In light of the number of serious security risks, I found it interesting that the study emphasizes the risks (and financial losses) created when employees (students, faculty, and staff) have to keep track of too many passwords and ID combinations. The report said that “Poor IT procedures can make companies vulnerable. The study found that employees have to remember an average of three different user IDs and passwords, while in two percent of companies, staff have to recall 10 different IDs. The more IDs and passwords users have to remember, the more likely the business is to have had unauthorized access.”

To be frank, I had not previously thought of the need to simplify ID and password combinations because we poor humans simply can’t handle that much information. When we have to, we do things like write passwords on sticky notes, etc. But there are other, less obvious losses. Some of these are due to loss of productivity because of user inability to gain access to resources.

For example, my wife’s employer requires an employee ID be slid into her laptop (which she just got for the first time from her very, very, very big global company), along with an ID and password combo, just to turn it on. For her to log in from outside the company’s LAN, to check email for example, she also has to reset and watch a pager-like device that produces a new 8-digit code every 20 seconds. That code has to be punched in while it is still a valid – before it changes in a few seconds.

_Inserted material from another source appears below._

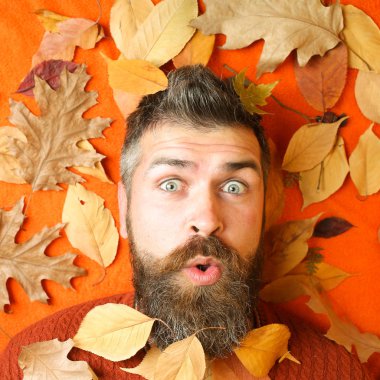 Berber ve Kuaför vasıl geçmiş bırakır.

She’s had the laptop for two months now, but has not yet successfully logged in to her email from home. That’s a lot of productivity that her company could be getting from her but is not simply because its IT is a little too complicated. It d'esn’t help that the same company consolidated all of its IT support in a physical location over 1,000 miles from here!

Even here at the Society for College and University Planning, we have several sets of passwords for our members and constituents to access or do various things online. We’d love to get to a single log-on, like our colleagues here at the University of Michigan have for so many things, but we’re just not there. It helps to see a chart in the ECAR study Roadmap that shows that only 10.2 percent of higher education institutions have “arrived” at reduced or single log-on passwords and identities.

If you haven’t experienced it yet, one of the worst things that can happen to you (especially if you are someone who d'es a lot of environmental scanning and has identities to access hundreds of online sites) is to lose the cached info in your Web browser. It’s happened to me (once or twice a year, actually) and it not only takes forever to recover, you never really know if you have fully recovered or not.

More lost productivity. Where is the answer to identity management in higher education? Who knows, but the recent ECAR study provides a nice baseline to measure forward progress. And it might help you feel a little better about what your institution can’t do. You, also, are not alone.